Hellish whack-a-mole games managing different combinations of aesthetics and messaging. Subpar quality, with teams going rogue and 'experimenting' with brand conventions. The bone-chilling experience of spotting something out in the wild—an email, a social post, a display ad, a presentation—which makes you shudder, and that you never even knew existed. Confusing brand architectures. The list goes on.
These issues need fixing. Unchecked, they have significant accumulative impact on your commercial performance. And a rebrand might seem like the logical solution.
Here's the thing: these are brand governance issues, not brand identity problems. So it might be worth pausing to consider your options. And the general relevance of a rebrand.
In the right circumstances, a rebrand can deliver enormous value. But in the wrong circumstances, a rebrand can be an expensive aesthetic band-aid for issues caused by mechanical management and process: like painting your car when the engine is busted.

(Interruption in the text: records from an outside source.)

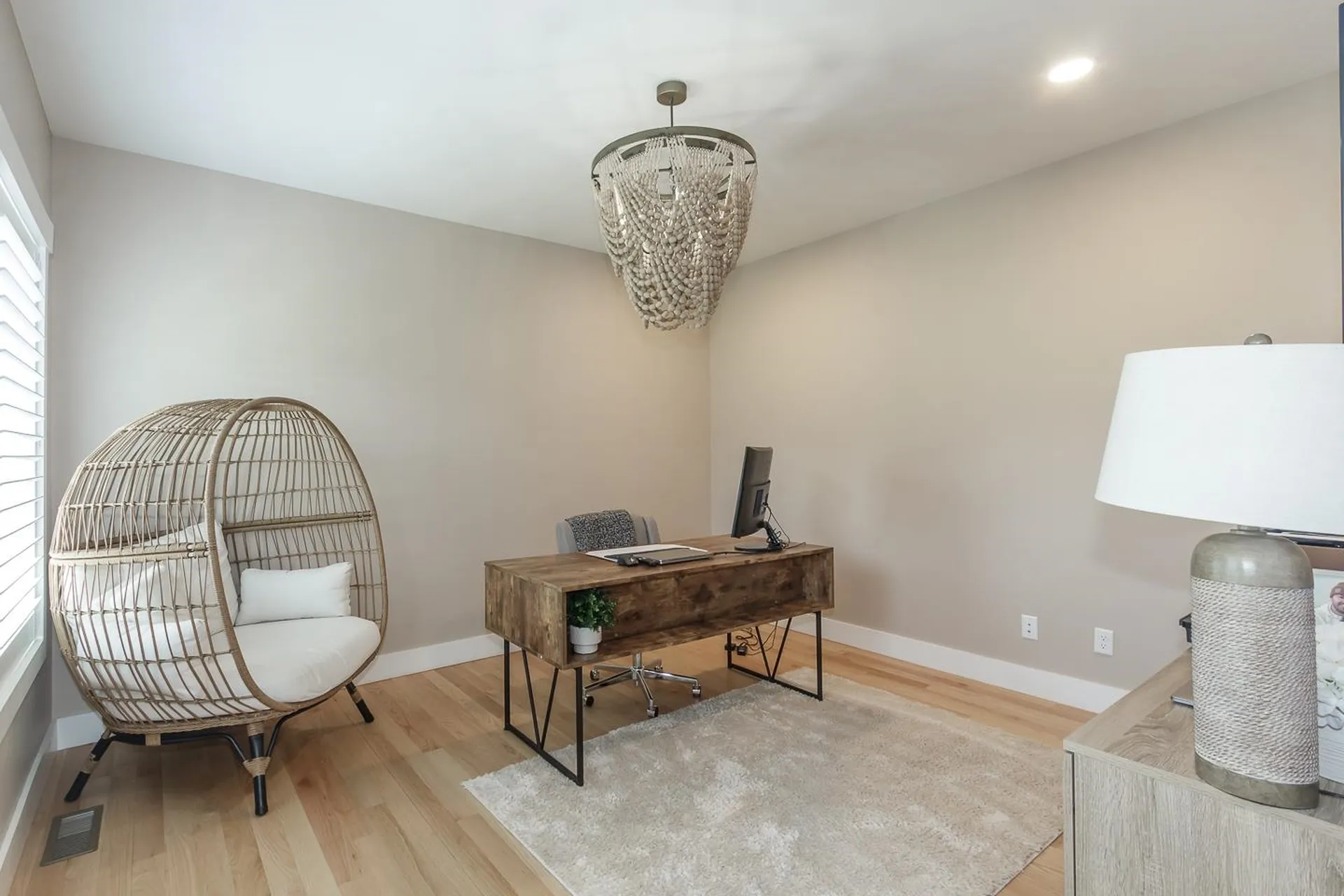 18 Caymus Ridge Salem NH 03079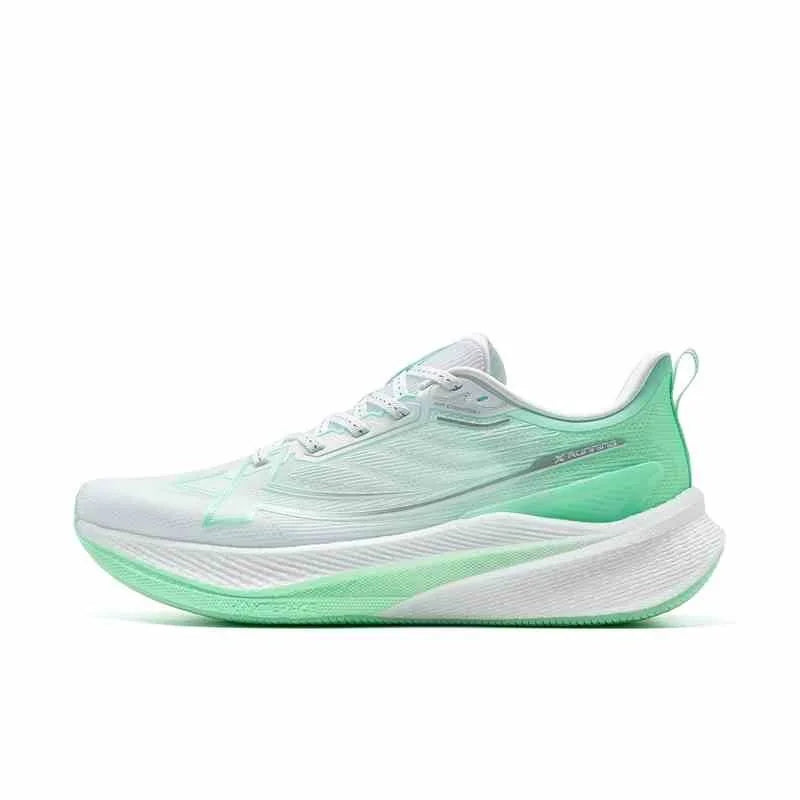 Xtep 2000km 3.0 Women’s Running Shoes - View 11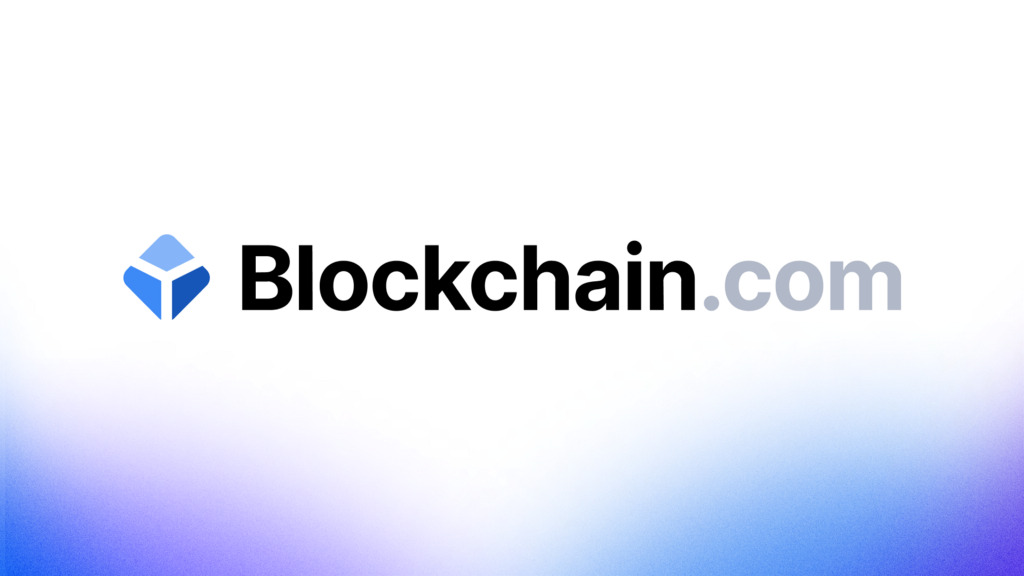 Blockchaincom Cho Three Arrows Capital Vay 270 Triệu Usd Có Nguy Cơ mất Trắng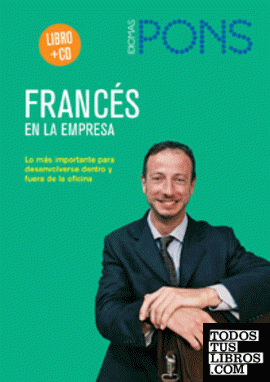 Francés...en la empresa - nueva edición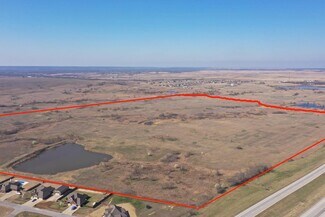 US Hwy 75
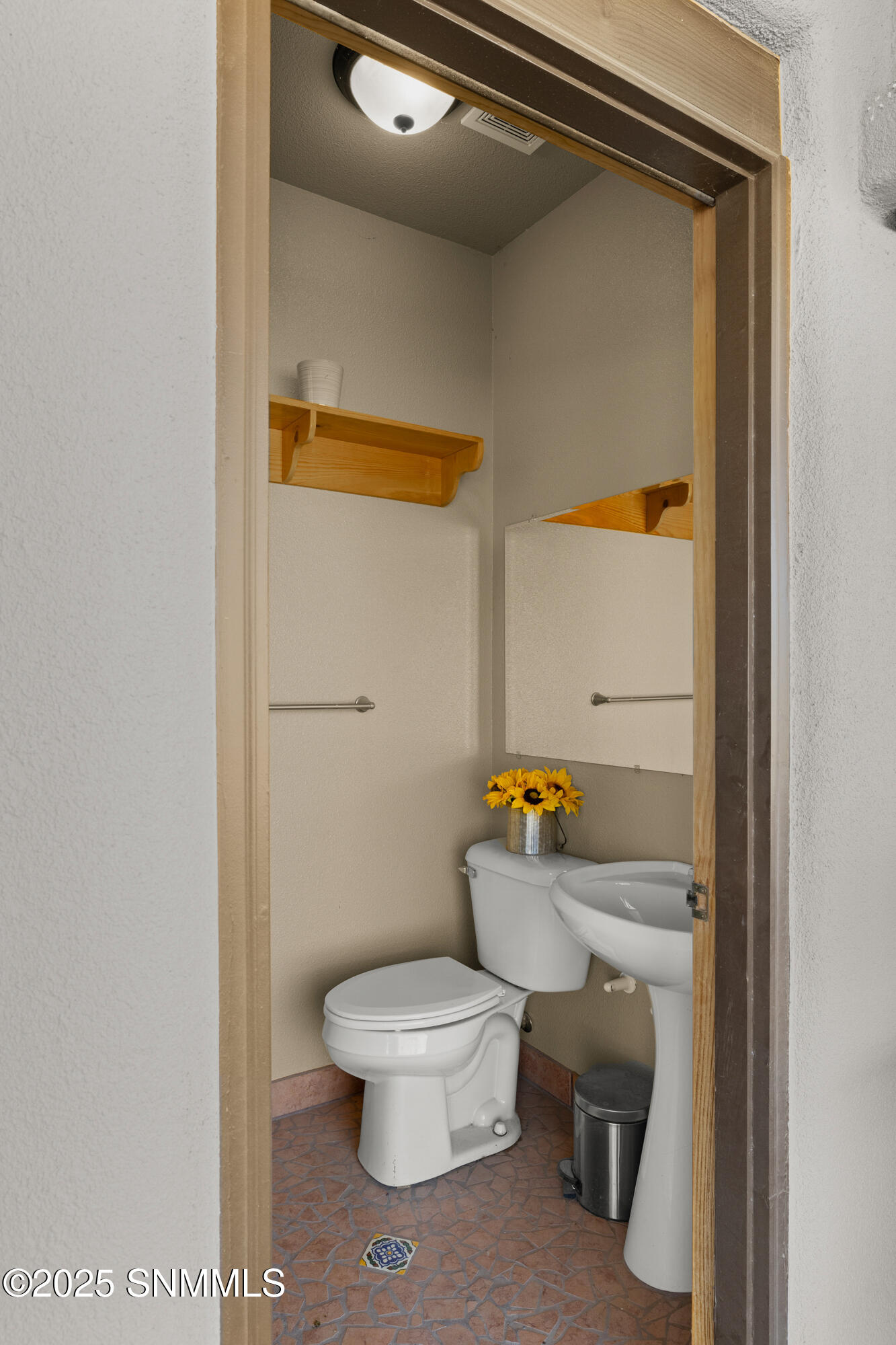 5041 Silver King Road Property Photo 76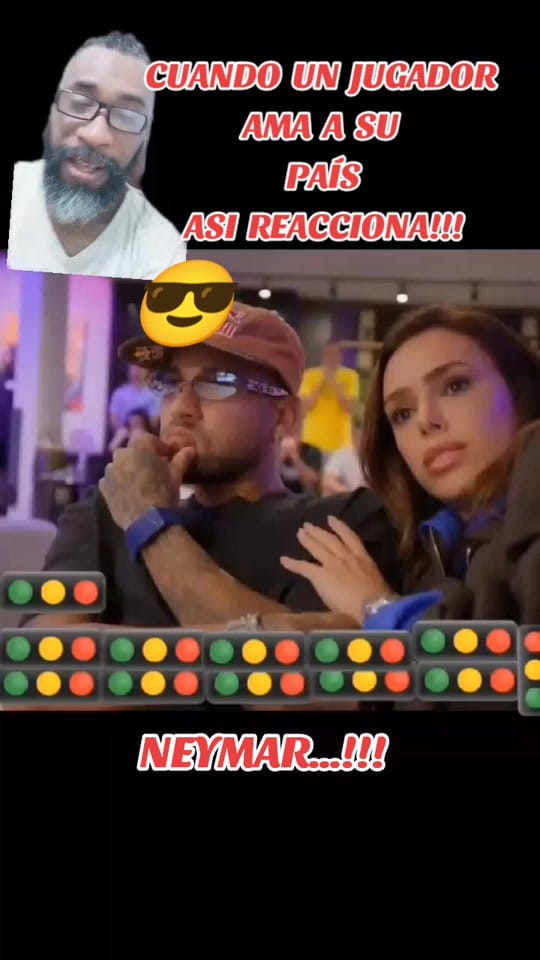 Post 8 by lino_lino38 on TikTok (video)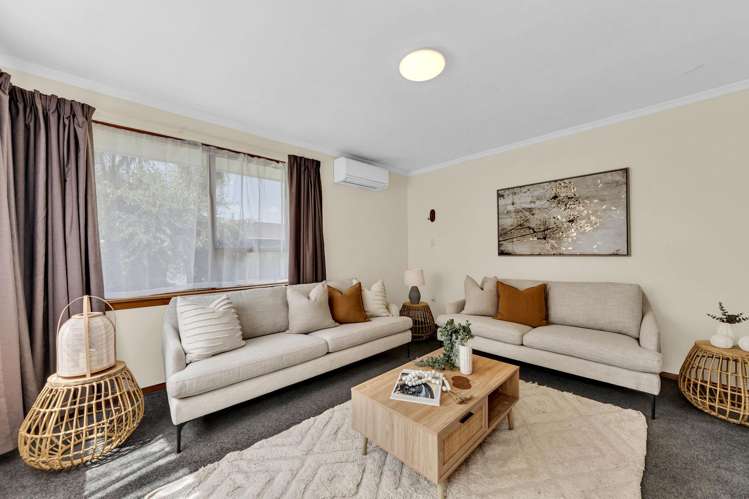 1/45 Sydney Street Spreydon_3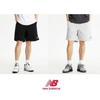 New Balance Nbsc 4.5 Тканые короткие брюки Nbnve22513 2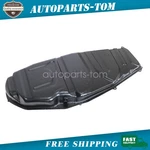 15.9 Gallons Fuel Tank For Toyota RAV4 2013-2018 2.5L Gas 77001-0R060. Fixed Price $208.55.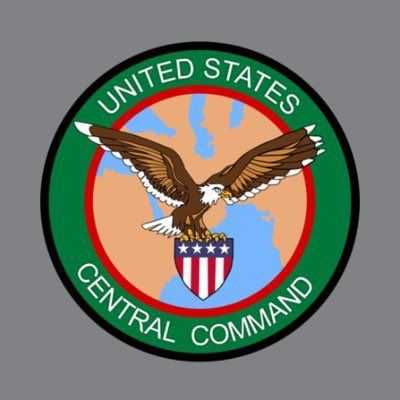 @𝐍𝐢𝐨𝐡 𝐁𝐞𝐫𝐠 🇮🇷 ✡︎: 🔴 The United States Central Command (CENTCOM) issued a safety warning for civilians in Iran on March 7, because the Islamic terrorist regime blatantly disregards the security of innocent people.
The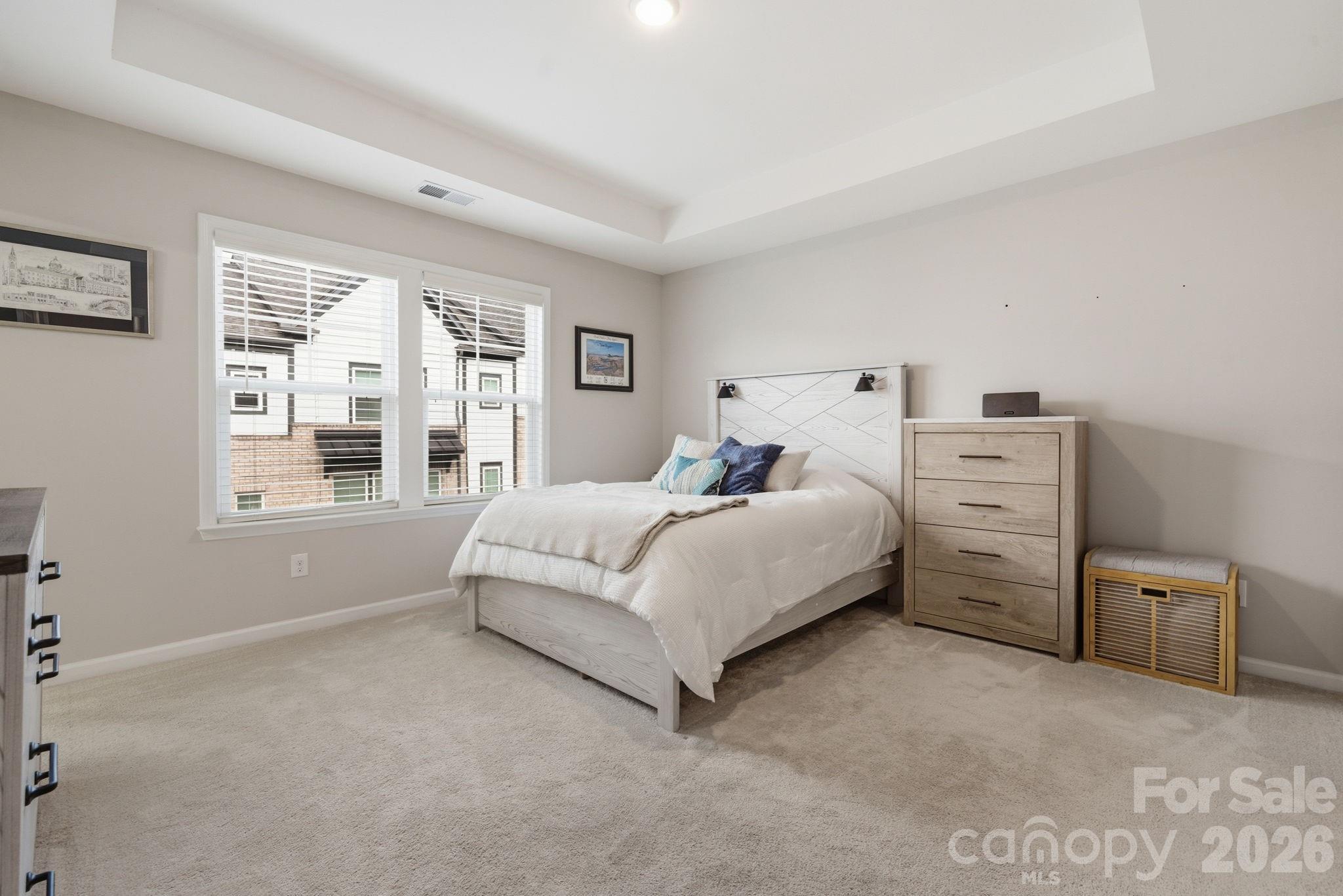 507 Upper Stone Circle — Charlotte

So, before you rebrand, let's run through the costs and risks associated with this type of work. And highlight some alternative approaches to hedge against risk.
The direct, hard costs of a rebrand.
These are costs paid to external suppliers. Right off the bat, finding and onboarding those suppliers can be a huge effort unto itself.
A procurement process for a mid-to-large rebrand project would usually involve selecting a vendor to deliver:
- Full brand strategy and identity redevelopment
- Brand architecture review (if necessary)
- Design system and templates
- Marketing asset overhaul
- Website design and redevelopment
- Experience or retail brand recommendations
- Internal brand engagement work
The overwhelming cost of getting underway
First up, before you can get into any of the deliverables, you'll need to run a process of discovery and brief development. This might involve a review of the current brand performance and pain points; an audit of your current assets; internal stakeholder engagement to define goals, constraints and timelines; and presentations to establish executive level endorsement. This could take anywhere from 20-80 hours from senior internal team members. There could also be an external cost associated with procurement consultants.
Step two is a market scan to determine your prospective vendors. Here, you'll identify a list of agencies or studios; you'll research their capability; you might conduct some initial briefing calls to determine fit or rapport; you might check their credentials. Then you'll present the options internally for alignment and validation. This could take 10-30 hours from senior internal team members.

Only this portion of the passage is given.